# Tapatalk2, why do my subscribed threads keeps disappearing?



## TMFGO45 (Jan 14, 2012)

Seriously, this is getting annoying. It seems like every time I open Tapatalk, one of my subscribed threads has disappeared, and I have to go find it, and resubscribe. What the hell is going on?

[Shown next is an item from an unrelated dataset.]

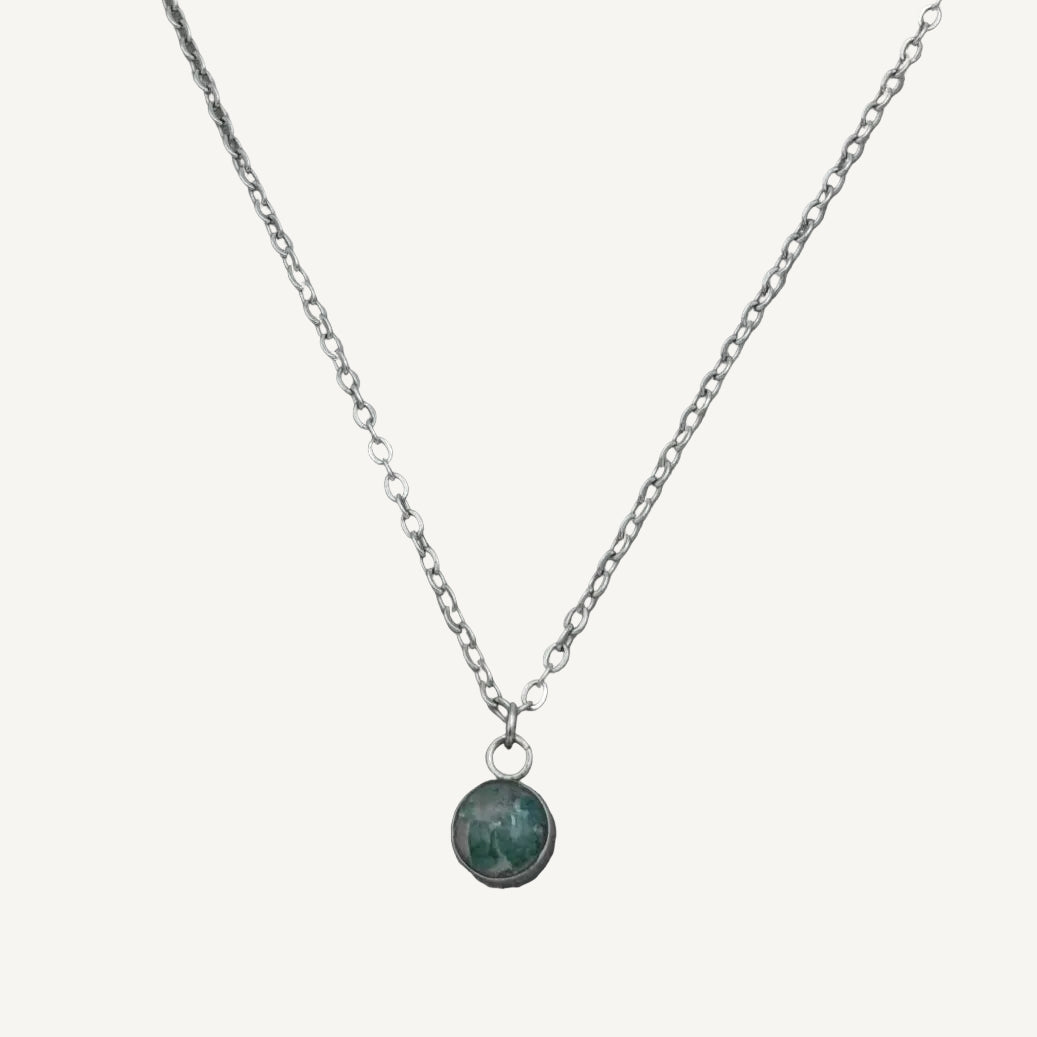 Handgjort silverhalsband med infattad äkta grön aventurin – maj månadssten från Nayuga Jewels.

Sent from my Galaxy Nexus (Codename Android 2.0 Nightly, LeanKernel 3.2.2, 4.0.4 Radios, Inverted Gapps, TWRP2 Recovery) using Inverted Green Tapatalk 2!


----------



## zwade01 (Jun 16, 2011)

My problem with T2 is that I used to always have 999 unread topics in each forum whenever I opened the app, but now I have 0 unread every time.


----------



## throwbot (Jan 2, 2012)

I dunno, but when I had the tapatalk 2 beta 4 it quit connecting to any of my forums

.•°I love my little girl, Bella°•.


----------



## DrMacinyasha (Jun 6, 2011)

Moved to Android Applications... Remember, device forums are for *devices* not *applications that work on every device*

Thanks!.


----------



## TMFGO45 (Jan 14, 2012)

I swear I have maybe 8 subscribed topics, and when I come back I'm either at 5 or 6. This is incredibly ridiculous.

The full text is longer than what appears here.